Start of Available data

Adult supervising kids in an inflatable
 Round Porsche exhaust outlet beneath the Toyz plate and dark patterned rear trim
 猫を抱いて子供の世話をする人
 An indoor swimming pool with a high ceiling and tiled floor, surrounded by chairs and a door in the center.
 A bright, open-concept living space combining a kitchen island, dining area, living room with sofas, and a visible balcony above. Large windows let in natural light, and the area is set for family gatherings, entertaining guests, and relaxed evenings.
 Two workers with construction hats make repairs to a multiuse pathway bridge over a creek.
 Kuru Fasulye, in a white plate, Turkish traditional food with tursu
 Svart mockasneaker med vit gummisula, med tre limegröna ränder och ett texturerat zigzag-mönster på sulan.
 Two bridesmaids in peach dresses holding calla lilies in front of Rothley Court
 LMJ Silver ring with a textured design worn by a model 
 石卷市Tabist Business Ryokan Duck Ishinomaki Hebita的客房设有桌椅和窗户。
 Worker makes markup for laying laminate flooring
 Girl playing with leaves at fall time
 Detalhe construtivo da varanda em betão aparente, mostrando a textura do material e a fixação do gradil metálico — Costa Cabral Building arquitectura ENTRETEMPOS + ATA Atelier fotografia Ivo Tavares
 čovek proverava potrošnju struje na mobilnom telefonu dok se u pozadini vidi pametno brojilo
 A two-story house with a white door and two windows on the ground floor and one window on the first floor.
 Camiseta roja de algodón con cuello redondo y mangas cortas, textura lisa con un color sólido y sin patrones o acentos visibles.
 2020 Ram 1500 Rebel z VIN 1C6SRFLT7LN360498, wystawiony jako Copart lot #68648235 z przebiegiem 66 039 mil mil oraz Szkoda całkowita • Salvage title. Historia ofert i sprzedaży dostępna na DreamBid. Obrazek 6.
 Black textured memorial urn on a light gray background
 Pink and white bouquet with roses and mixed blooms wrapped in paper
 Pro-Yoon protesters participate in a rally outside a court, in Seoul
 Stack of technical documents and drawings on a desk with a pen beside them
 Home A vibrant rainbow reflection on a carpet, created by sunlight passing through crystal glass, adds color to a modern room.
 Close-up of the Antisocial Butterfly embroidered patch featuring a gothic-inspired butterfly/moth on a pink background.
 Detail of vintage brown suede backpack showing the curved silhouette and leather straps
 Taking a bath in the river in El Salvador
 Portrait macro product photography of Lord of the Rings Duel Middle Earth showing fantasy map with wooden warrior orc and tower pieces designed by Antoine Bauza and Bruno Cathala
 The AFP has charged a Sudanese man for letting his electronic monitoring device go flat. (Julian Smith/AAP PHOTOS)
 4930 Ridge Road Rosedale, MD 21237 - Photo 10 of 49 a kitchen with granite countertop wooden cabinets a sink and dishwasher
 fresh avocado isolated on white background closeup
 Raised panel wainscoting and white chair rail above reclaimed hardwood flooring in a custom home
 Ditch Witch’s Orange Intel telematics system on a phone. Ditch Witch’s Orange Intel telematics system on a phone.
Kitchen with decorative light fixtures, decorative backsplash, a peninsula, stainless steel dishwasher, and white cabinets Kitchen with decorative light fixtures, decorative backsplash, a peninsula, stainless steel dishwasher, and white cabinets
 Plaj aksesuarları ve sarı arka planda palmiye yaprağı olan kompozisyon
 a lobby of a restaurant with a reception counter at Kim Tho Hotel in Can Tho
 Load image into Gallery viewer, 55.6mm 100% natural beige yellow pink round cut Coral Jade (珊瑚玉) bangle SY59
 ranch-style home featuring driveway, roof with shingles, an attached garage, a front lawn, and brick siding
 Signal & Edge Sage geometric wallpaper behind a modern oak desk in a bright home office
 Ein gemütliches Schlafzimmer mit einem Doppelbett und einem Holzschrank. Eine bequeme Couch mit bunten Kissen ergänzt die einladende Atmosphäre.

End of Available data

• _Exercise objective_:
Proceeding from the line containing "Svart mockasneaker med" through the line containing "Worker makes markup", transcribe the lines above exactly, both end lines included.

• _Task answer_:
 Svart mockasneaker med vit gummisula, med tre limegröna ränder och ett texturerat zigzag-mönster på sulan.
 Two bridesmaids in peach dresses holding calla lilies in front of Rothley Court
 LMJ Silver ring with a textured design worn by a model 
 石卷市Tabist Business Ryokan Duck Ishinomaki Hebita的客房设有桌椅和窗户。
 Worker makes markup for laying laminate flooring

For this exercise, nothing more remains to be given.